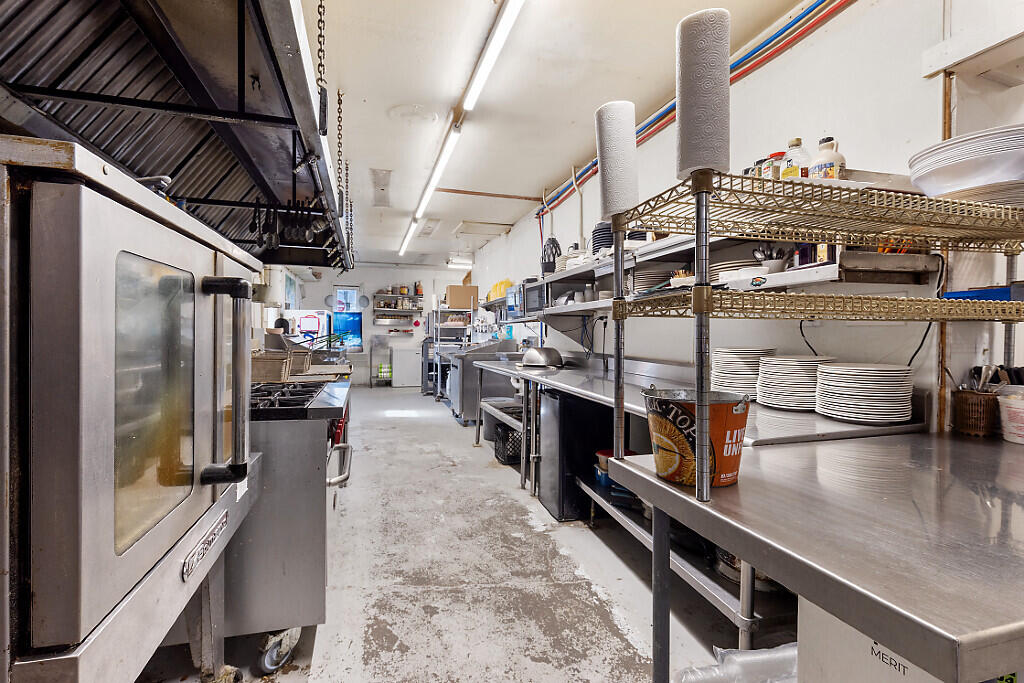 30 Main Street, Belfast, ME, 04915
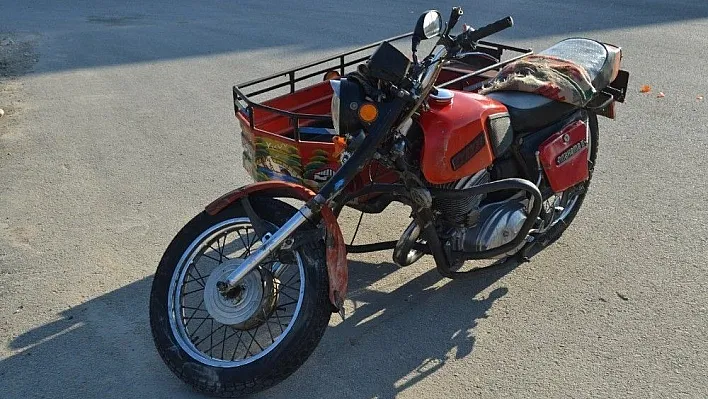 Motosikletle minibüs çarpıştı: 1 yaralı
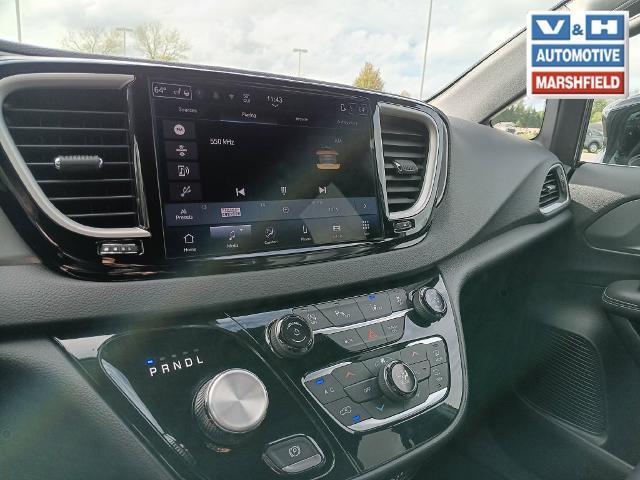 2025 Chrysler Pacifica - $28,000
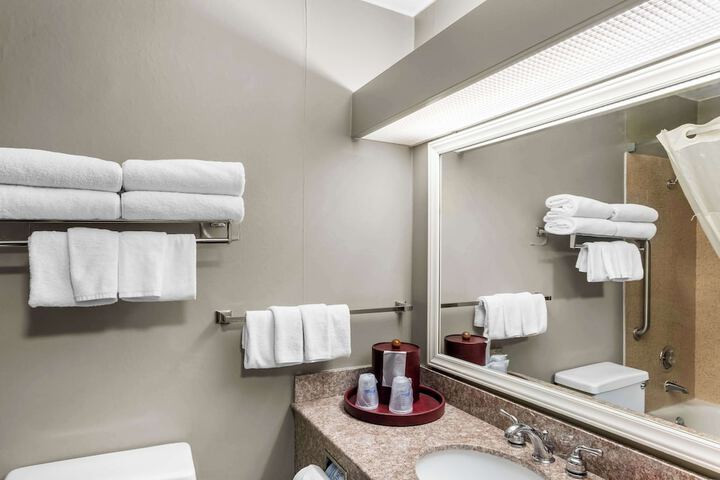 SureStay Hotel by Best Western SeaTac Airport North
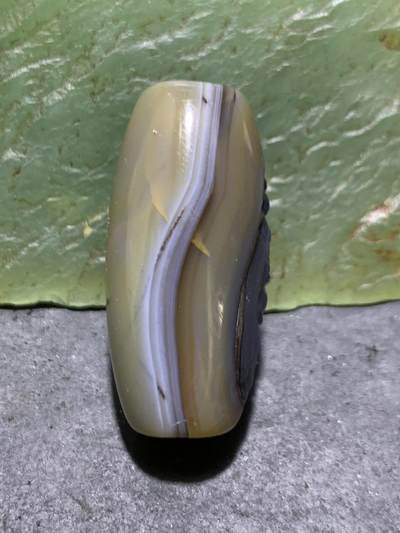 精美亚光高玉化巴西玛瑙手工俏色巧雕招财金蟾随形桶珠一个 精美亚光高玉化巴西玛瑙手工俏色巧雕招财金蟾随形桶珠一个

════════════════════

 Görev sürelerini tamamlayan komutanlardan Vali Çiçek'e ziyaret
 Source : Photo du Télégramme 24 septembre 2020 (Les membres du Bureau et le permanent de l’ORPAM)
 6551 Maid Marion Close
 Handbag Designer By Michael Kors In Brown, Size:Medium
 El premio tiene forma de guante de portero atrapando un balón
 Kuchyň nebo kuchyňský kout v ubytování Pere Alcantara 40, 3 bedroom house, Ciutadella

════════════════════

Could you return exactly the lines above from the line with "Handbag Designer By" to the line with "Kuchyň nebo kuchyňský", both included, and nothing else?

 Handbag Designer By Michael Kors In Brown, Size:Medium
 El premio tiene forma de guante de portero atrapando un balón
 Kuchyň nebo kuchyňský kout v ubytování Pere Alcantara 40, 3 bedroom house, Ciutadella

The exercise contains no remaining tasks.